Austerity Measurement: Deficit Reduction, You Asked For It

Interestingly, the bitter pill of smaller government that Tea Party-leaning Americans shoved down the ballot box not two weeks ago came into the public discourse this week not from the newly elected House Of Representatives but the Democrat-led executive branch, with a laundry list of recommendations by the White House Commission on Financial Responsibility and Reform.

And if anything, the recommendations look like the product of small government advocates, leaving both entitlement programs and military budgets on the table.

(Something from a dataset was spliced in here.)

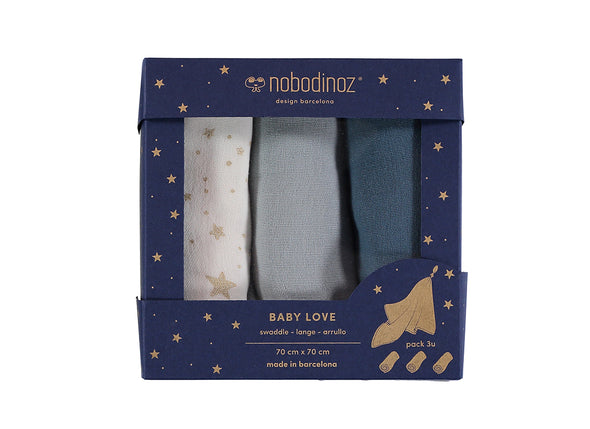 Baby Love Swaddle - GIFT BOX of 3 Night Blue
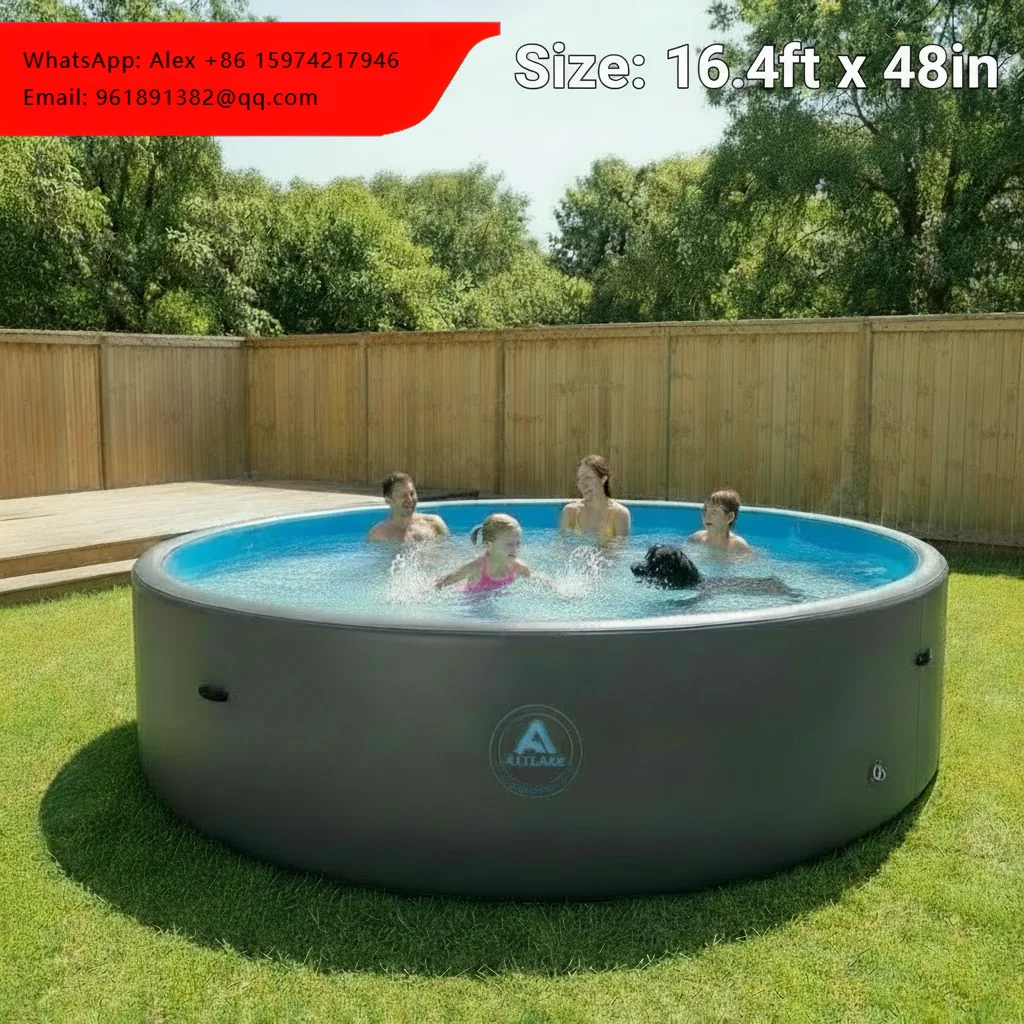 

5m Large Inflatable Drop Stitch Swimming Pool 16.4ftx47in Ultra Durable Family Above Ground Pool For Backyard Summer Fun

In fact, early on the project was dubbed the “Cat Food Commission” by its detractors, implying that’s what those on entitlement programs will be eating after it is implemented.

Eliminating child tax credits, reducing mortgage tax credits, implementing caps on malpractice suits, raising the eligibility age for Social Security and possible reductions in Medicare/Medicaid are generating a lot of bile in the gullet of the Democrat base, and troop cuts of 33 percent in Europe and Asia, an overall military budget cut by $100 billion in four years, a raise in social security taxes, reductions in farm subsidies, and a public option in health care are putting Republicans in a tough spot.

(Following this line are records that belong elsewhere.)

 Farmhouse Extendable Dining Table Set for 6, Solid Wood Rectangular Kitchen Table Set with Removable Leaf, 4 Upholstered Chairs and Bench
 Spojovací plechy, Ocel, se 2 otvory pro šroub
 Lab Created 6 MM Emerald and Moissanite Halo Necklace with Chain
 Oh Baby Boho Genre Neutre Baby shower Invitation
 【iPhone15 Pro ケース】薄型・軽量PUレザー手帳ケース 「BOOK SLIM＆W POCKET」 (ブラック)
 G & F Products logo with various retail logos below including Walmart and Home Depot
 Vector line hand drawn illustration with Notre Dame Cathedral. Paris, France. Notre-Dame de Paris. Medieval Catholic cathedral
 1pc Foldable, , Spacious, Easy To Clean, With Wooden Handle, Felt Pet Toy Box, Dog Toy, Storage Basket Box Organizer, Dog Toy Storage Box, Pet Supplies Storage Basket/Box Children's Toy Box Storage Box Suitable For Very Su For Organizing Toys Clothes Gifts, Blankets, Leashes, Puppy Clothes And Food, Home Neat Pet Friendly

After all, they asked for it.

Other thoughts? No more funding for public broadcasting, cut federal workforce employment by 10 percent and reduce the budgets of Congress and the White House a staggering 15 percent, and almost double the gasoline tax. How about implementing co-pays for Veterans’ Administration?

Talk about brutal.

The plan’s overall goal is to raise revenues (i.e. taxes) by $1 for every $2 cut in spending, bringing the budget deficit below 3 percent with a target of both public revenues and spending as 21 percent of GDP.

Currently, spending is about 26 percent of GDP and tax revenues have been around 18 percent.

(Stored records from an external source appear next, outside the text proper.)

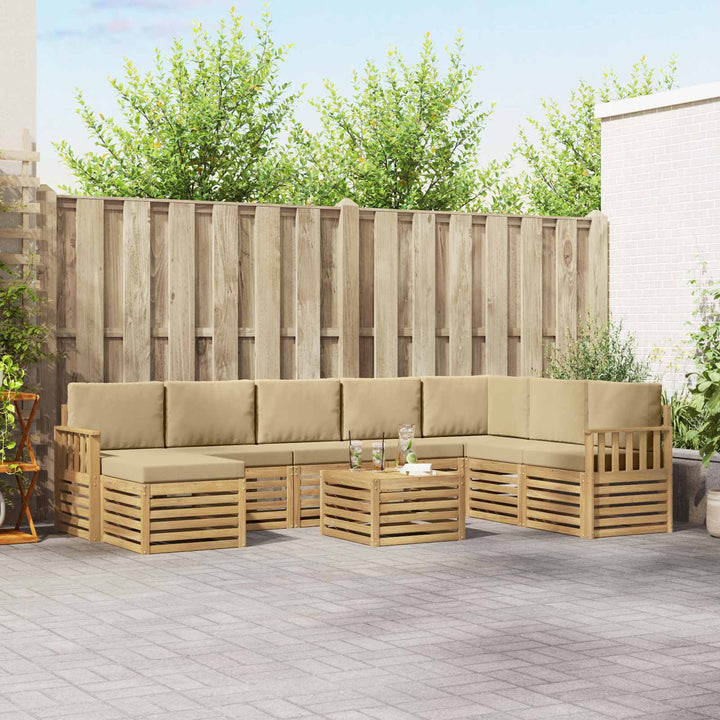 Udendørs sofagruppe 7 pcs Hvid og Beige 59 x 59 x 37 cm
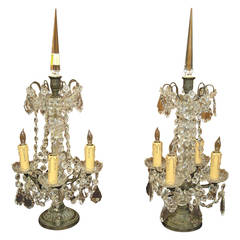 Pair of Small Antique French Crystal Girandoles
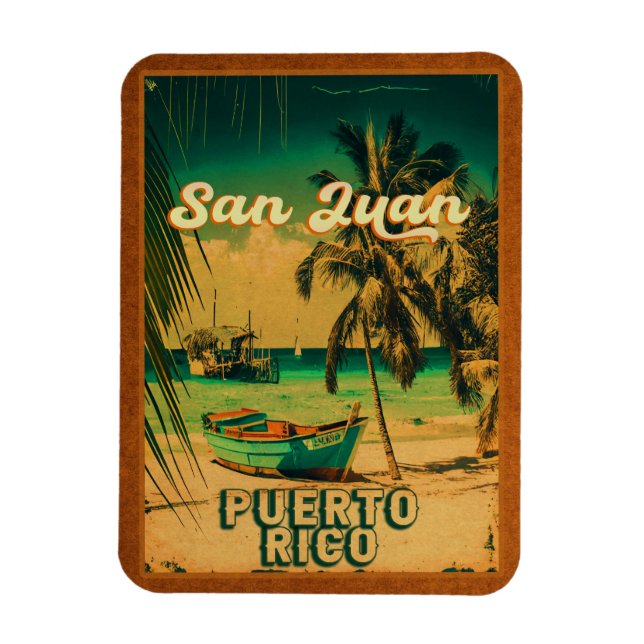 Ímã San Juan Puerto Rico Palm Tree Souvenirs 60s (Vertical)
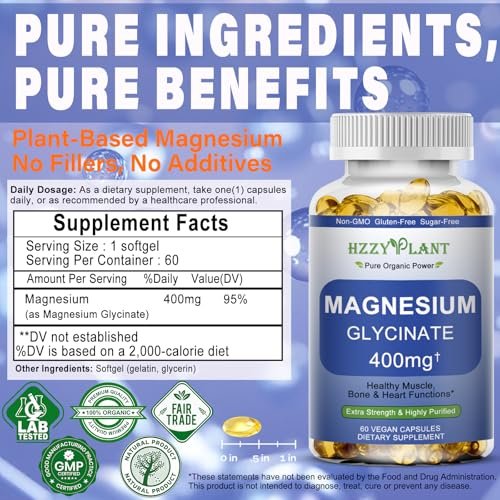 Magnesiumglycinat Weichkapseln – Hochabsorbierendes Magnesiumbisglycinat 400 mg für Muskeln, Herz, Schlaf & Knochen – Vegan, Nicht-GVO, 2 Monate Vorrat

How about that for change? Or the audacity of hope? Or the statistical improbability that all of these recommendations actually go into effect?

Truth is, some of them will, but most won’t. Farm subsidies may go down short term but will be raised again in the future. Troop cuts are inevitable, as the military has been burning up their reserves and the National Guard in lieu of more multiple redeploys. As far as a 10 percent reduction in the federal workforce, that may not pan out to a 10 percent reduction in payroll costs, as whoever’s left over will actually have to be competent. The raise in the Social Security age won’t be complete until 2075, by which time we’ll all be bionic anyway.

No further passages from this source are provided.